Grace is constantly working to identify and send workers to work with UPG ministries in their four focus areas. Whenever Tae meets with someone interested in global service, he helps them see where they are on the church’s missions pathway. (Download PDF of Grace’s Pathways to Missions Chart)
This practical assessment tool helps them to fairly easily determine the best level of service, their readiness, and next steps.

Short Term Trips

Grace also has a very structured pathway for short-term ministry opportunities which are limited to their six focus nations.
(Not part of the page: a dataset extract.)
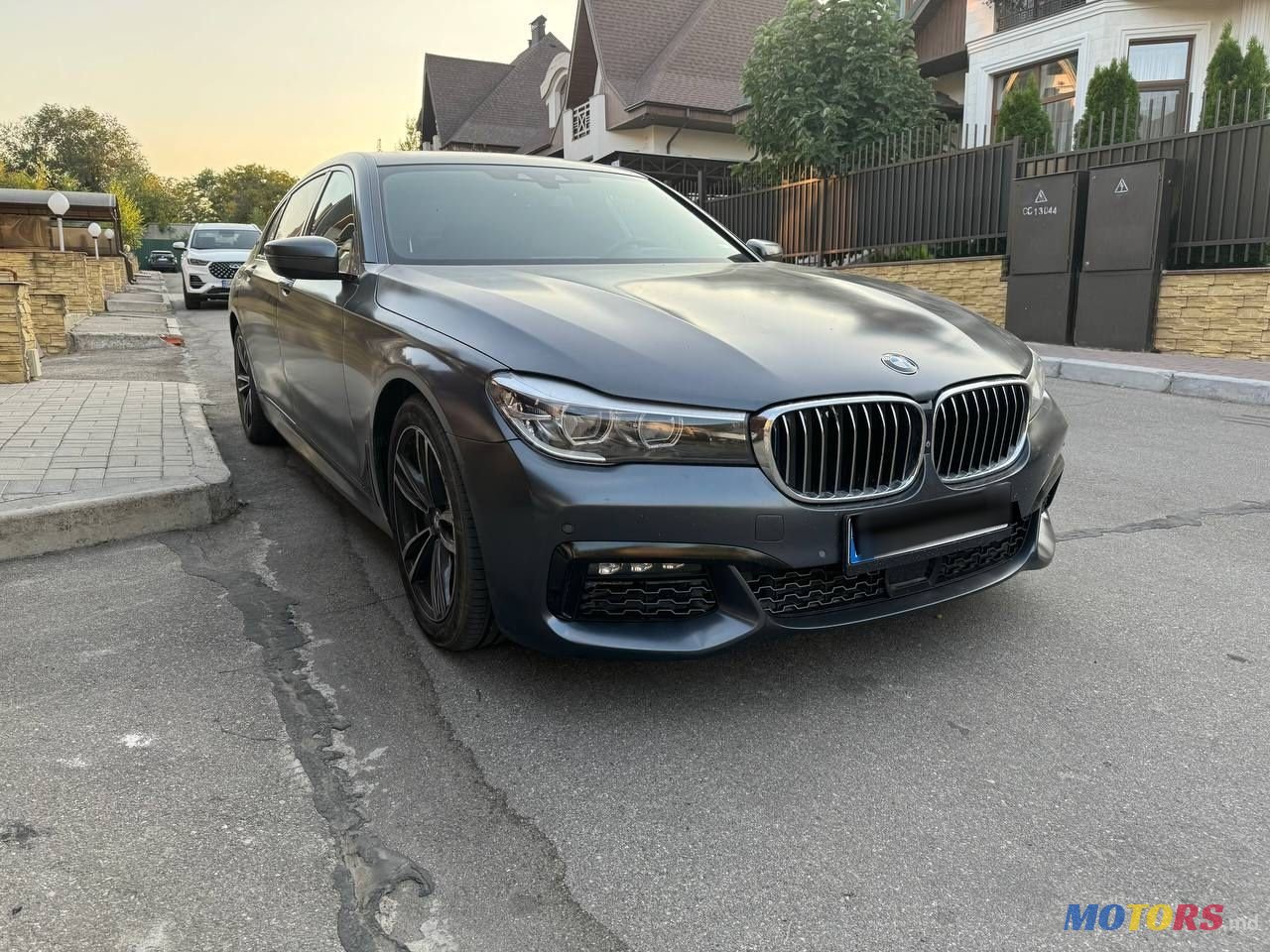 2018' BMW 7 Series photo #1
These are very intentionally set up to provide progressively more challenging ministry experiences as youth mature. (Download PDF of Grace’s Beyond Impact Trip Pathway Chart)

As illustrated on this chart, elementary and junior-high children can participate with their parents in ministry in El Salvador. These introductory trips are reserved for first-timers.

Trips to Uganda are available for high-school and adult participants. College students and adults can join teams going to Turkey, China, Indonesia, or Jordan.

Grace’s message to their people is clear: “Impacting the world is a critical part of our mission as a family of faith. Come find your place to serve others and share the love that we have been given in Christ.”

What is the impact? Recently one of their field workers wrote, “I sometimes think the only reason we can stay here is because of the support and prayer from our friends in Maryland—that’s for sure what has sustained us lately.”

Tae Pae has served as a pastor for over 25 years, 12 as a missions pastor. During two years of living among the unreached Thai people in Chiang Mai, Thailand, he developed a strategic plan to reach young professionals and to mobilize a team from his sending church to carry out the vision. He has served as Beyond director at Grace Community Church in Fulton, MD, for the past three years.